_About this exercise_:
Would you retype exactly the lines below, starting with the one that has "BAXTON STUDIO DECLAN" and going on through the one that has "Composition au pichet fleuri", with no pictures and nothing else?

_Data records_:
····················
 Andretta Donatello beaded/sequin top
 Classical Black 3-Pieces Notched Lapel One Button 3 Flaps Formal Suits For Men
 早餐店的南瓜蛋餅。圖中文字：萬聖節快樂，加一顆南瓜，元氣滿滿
····················
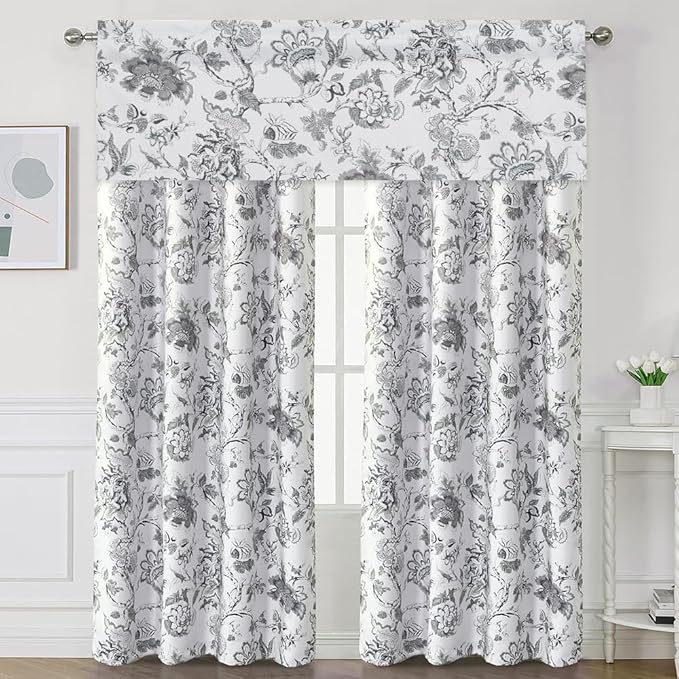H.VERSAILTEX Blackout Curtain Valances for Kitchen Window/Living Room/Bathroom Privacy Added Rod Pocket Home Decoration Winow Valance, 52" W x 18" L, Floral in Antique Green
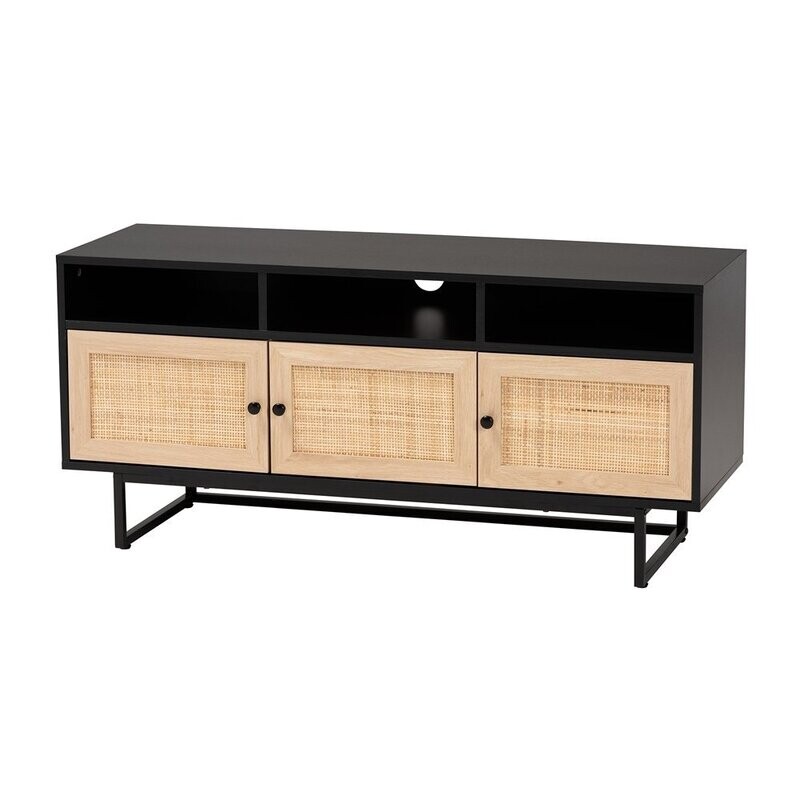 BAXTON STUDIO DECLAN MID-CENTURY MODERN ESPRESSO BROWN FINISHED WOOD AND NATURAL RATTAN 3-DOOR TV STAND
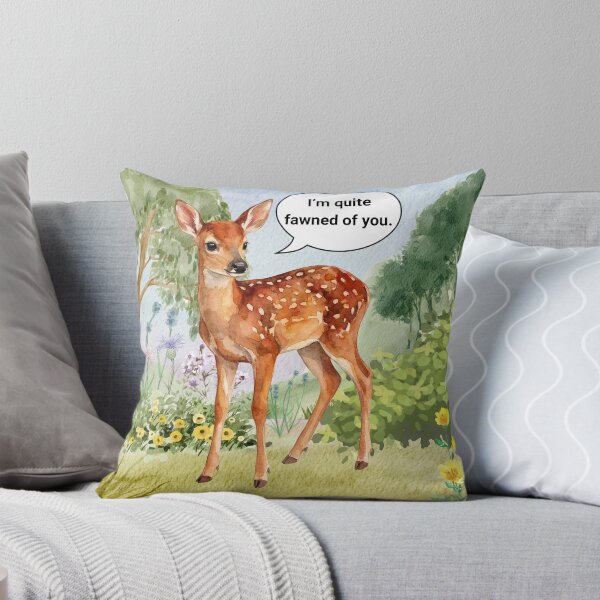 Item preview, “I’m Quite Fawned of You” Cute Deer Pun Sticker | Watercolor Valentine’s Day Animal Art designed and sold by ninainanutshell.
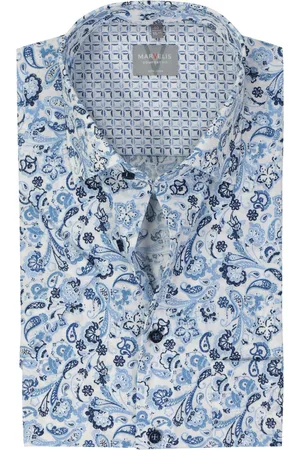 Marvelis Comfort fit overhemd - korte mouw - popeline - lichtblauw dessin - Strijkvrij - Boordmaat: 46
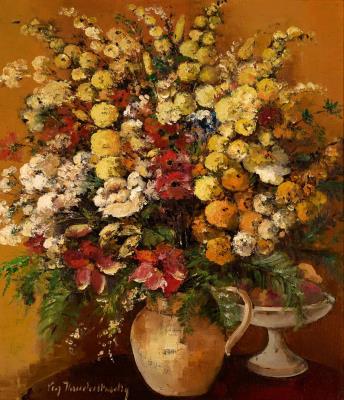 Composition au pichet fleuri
····················
_Result of the task_:
 BAXTON STUDIO DECLAN MID-CENTURY MODERN ESPRESSO BROWN FINISHED WOOD AND NATURAL RATTAN 3-DOOR TV STAND
 Item preview, “I’m Quite Fawned of You” Cute Deer Pun Sticker | Watercolor Valentine’s Day Animal Art designed and sold by ninainanutshell.
 Marvelis Comfort fit overhemd - korte mouw - popeline - lichtblauw dessin - Strijkvrij - Boordmaat: 46
 Composition au pichet fleuri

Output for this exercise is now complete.